If you have Janis Joplin screaming herself hoarse into an old-fangled scratchy microphone, we don’t even see the microphone, we don’t even see the scratchiness. We see the themes and the concepts and the images she’s passionately depicting for us. We see her NEED to make this song, we see her WHY.
We don’t care if there’s a screen door between us and our little kids in the backyard. We just see the kids. When we talk with somebody on the phone, we don’t really even see the phone. We just say, “I talked with so and so this morning.” The medium is blatantly visible but we choose to ignore it. We know it’s there. It doesn’t matter. It’s just a vessel.
When you try to hide the vessel and make the audience believe what they are seeing is real, that’s when you get push-back. That’s when you get naysayers and hecklers. (That’s when having to pull the trigger instead of actually holding a cup feels hokey.) Some magicians often tell me that they find it hard performing for people because everyone always heckles. Yeah, no shit. When you bring out a weird plastic box that you clearly bought from a magic shop and then try and tell everyone it’s a completely ordinary box and are trying to make your audience think that it’s actually ordinary, you are out of your right mind if you think somebody’s not going to say, “Hey wait, that doesn’t really look normal.” If you say, “Hey I’m about to show you a magic trick using this thing I bought from a magic store” people are much more likely to say, “Okay,” and sit back, and just enjoy the spectacle. They’re actually eager to witness the impossible. All that content message stuff pumping through this gimmicky plastic vessel. It’s not about the medium it’s about the message.
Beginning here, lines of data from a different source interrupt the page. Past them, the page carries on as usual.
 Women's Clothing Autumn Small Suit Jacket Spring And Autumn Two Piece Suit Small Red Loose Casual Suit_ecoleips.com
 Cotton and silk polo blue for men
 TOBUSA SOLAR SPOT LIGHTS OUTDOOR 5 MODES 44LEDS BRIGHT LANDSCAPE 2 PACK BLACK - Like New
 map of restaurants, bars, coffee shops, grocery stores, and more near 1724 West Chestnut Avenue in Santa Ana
So many times people try to make their audience think the VR experience is real. I got news for you: Nobody who first had to put a headset on is going to think the virtual world is real. No matter how good the resolution is. Yes, the headset adds a level of immersive-ness and yes it is very easy to forget you have a headset on (re: not using controllers to interrupt the experience) but even if VR was extremely high quality and you could smell and touch things, the fact remains that people will know the whole way through, in the back of their head, that they are watching a contrived experience.
This is why I love seeing improv shows where they use zero props. There’s nothing more magical than when an actor on stage is playing a character and mimes that he’s holding a phone or a shovel, and then uses the invisible prop so realistically that we almost believe it exists. When we leave the show, it’s literally as if we saw the shovel in his hand. In fact, years later, some people might even mis-remember him as actually having a shovel on stage.
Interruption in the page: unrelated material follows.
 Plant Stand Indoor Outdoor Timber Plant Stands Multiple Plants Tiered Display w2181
“Remember that time we saw that show and the guy was hit in the head with a shovel and started rolling into the audience.” Nobody would ever really respond by saying, “You mean the pretend shovel?” They’d likely just roll with it. “Oh yeah, what a great show.”
It’s also like when you’re watching a cartoon and the dad is reading a newspaper but there’s no actual text on the newspaper. It’s just a bunch of shaded box shapes with black scribble lines, but yet it somehow really does look like he’s reading the newspaper, and nobody ever calls it out, like “Hey that’s not a real newspaper!” because it’s not about the friggin newspaper. It’s a fucking cartoon show. It’s not even real life. It’s about whatever the story is that’s being conveyed through this cartoon vessel. This medium.
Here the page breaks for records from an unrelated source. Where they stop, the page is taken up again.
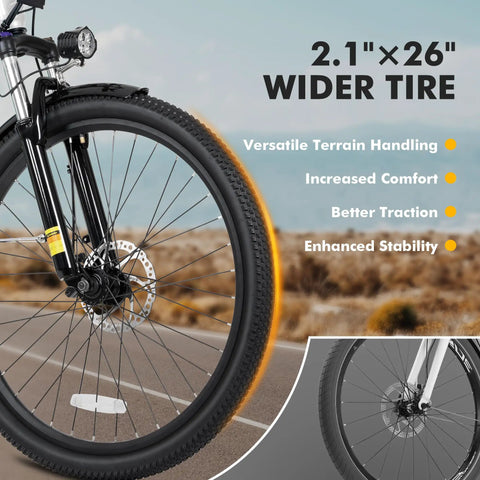 Front tire of Cityone 2.0 Electric Bike For Adults Who Wanna Cruise 65 Mile Range, 28 MPH Top Speed, 1200W Peak Motor, 26 Inch Ebike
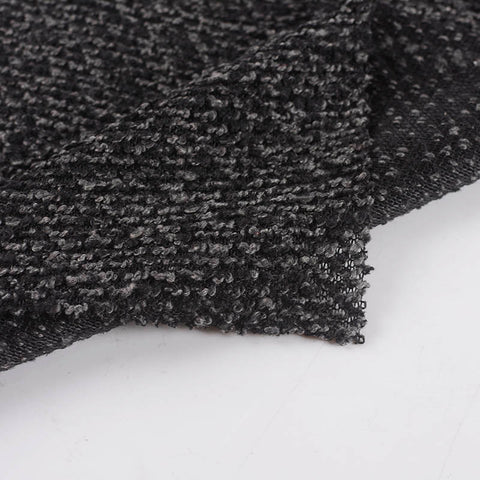 Dark Grey Marl Chunky Knit, Polyester, 365 gsm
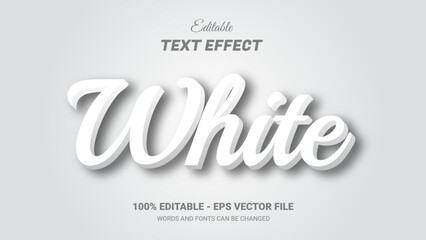 Wall Mural - white editable 3d text effect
All this to say that the quality and resolution of VR headsets should be FAR from a DETERRENT to produce good VR content. The resolution is actually pretty fucking great on the latest Oculus products. Even your iPhone in a cardboard headset should be a fairly successful vessel for you to articulate your ideas using this medium.
Take a lesson from Charlie Chaplin — the guy who had to build his own sets in order to be conservative with his budget because nobody wanted to work with him — just fucking do it.
People want to watch VR, that’s why millions of them bought headsets.
Back in the day when cinema first came out, they had little stations on the street in America where you could insert a quarter and put your eyes up to the lenses and watch a 20-second or five minute film of China. This was just a one-take shot on the street in China with people buzzing around you. This was most people’s first encounter with movies. It’s very much like all those 360-degree YouTube clips of “standing in Time Square” or “sitting in a forrest” or even “China” — we’re in the such early, primitive stages of this medium it’s absolutely ridiculous. Just imagine where it will be 100 years from now.